Fred H Davis, Atty. Gen., and H. E. Carter, Asst. Atty. Gen., for appellee.

OPINION

STRUM J.

The question here presented is whether or not the tax imposed by chapter 13756, Act of 1929 (page 456), upon the storage of gasoline and other petroleum products applies to the storage of gasoline by municipalities for their own public use.

Complainant below, a municipal corporation, sought an injunction against collection of the tax. A demurrer to the bill of complaint was sustained, and the injunction denied, from which order this appeal is taken.

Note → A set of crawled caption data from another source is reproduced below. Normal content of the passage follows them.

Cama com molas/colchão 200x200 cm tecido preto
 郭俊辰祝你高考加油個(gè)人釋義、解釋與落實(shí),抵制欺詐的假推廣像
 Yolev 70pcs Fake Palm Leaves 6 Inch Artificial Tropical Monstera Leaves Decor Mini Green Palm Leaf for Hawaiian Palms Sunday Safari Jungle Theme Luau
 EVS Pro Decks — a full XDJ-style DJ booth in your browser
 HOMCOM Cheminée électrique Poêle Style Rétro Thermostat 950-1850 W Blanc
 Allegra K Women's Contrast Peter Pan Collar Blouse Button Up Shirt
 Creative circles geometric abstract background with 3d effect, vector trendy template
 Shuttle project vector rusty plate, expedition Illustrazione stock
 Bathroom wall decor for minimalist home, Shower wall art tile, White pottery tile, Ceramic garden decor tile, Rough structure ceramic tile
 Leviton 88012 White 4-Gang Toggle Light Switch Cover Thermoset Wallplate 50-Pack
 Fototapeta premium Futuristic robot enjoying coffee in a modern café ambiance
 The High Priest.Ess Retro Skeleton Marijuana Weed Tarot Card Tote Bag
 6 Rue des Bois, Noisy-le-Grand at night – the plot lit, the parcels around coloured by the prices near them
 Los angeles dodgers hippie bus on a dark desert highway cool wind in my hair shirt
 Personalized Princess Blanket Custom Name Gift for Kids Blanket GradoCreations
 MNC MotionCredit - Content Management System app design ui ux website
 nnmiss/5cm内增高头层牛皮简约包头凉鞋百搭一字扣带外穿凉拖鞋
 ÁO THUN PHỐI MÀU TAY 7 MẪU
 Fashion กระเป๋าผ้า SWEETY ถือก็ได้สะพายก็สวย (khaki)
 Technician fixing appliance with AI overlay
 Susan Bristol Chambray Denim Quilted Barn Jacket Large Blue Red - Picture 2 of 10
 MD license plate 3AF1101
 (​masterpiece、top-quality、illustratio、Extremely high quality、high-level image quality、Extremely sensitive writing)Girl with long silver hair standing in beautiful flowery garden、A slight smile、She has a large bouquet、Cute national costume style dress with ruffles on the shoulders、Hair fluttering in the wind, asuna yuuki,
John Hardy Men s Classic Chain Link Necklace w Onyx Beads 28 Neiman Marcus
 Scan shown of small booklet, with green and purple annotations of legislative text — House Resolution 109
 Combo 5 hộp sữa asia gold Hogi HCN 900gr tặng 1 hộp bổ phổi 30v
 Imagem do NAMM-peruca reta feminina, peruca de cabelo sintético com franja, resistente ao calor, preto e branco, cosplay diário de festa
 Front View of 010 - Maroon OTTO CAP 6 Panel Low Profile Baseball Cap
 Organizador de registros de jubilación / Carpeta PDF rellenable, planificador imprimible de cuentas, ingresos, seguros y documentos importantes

Complainant presents three major contentions: First, that the tax, in its general application, is repugnant to constitutional limitations and void. Second, that the act does not by its terms extend to municipal corporations. Third, that, if the tax be valid generally, and even if it purports to apply to municipal corporations, the tax as to such corporations is void as an attempt to tax property held and used exclusively for municipal purposes, contrary to the Constitution of Florida, art. 9, § 1, and article 16, § 16.

The first contention is largely disposed of by what was said in Jerome H. Sheip Co. v. Amos (Fla.) 130 So. 699, this day filed, in which the tax is held to be an excise upon the privilege of storage, and valid as against the objections therein raised.

The further objection is here made that, because this tax is payable only on account of the storage of gasoline and like petroleum products 'imported into this State from any other State or foreign Country, or received by any means into this State,' the tax constitutes an obnoxious discrimination based solely upon origin. See Ex parte Smith (Fla.) 128 So. 864. That contention is untenable. Excises may be imposed by the state upon the use of property in this state, particularly of certain classes, when the property is not in interstate commerce. See Askren v. Cont. Oil Co., 252 U.S. 444, 40 S.Ct. 355, 64 L.Ed. 654; Wagner v. Covington, 251 U.S. 95, 104, 40 S.Ct. 93, 64 L.Ed. 157, 168. Under this statute, the origin of the property is not the criterion of the tax. The tax is imposed upon a taxable privilege exercised wholly within this state at the election of the owner. Liability for the tax arises, not by reason of its origin, but by reason of the storage of the gasoline in this state after it has been severed from interstate commerce. Under this statute, gasoline may be imported and freely subjected to any of its common uses, so long as it is not stored longer than twenty-four hours. Storage, as contemplated by this statute, is not essential to free importation. If there is no storage in this state, there is no liability for this tax. As stated in Sheip Co. v. Amos, supra, this statute is complementary to the sales tax statutes, for the purpose of effectuating the state's public policy as to the revenue to be derived from the use of gasoline in this state, and to forestall the evasion of that policy.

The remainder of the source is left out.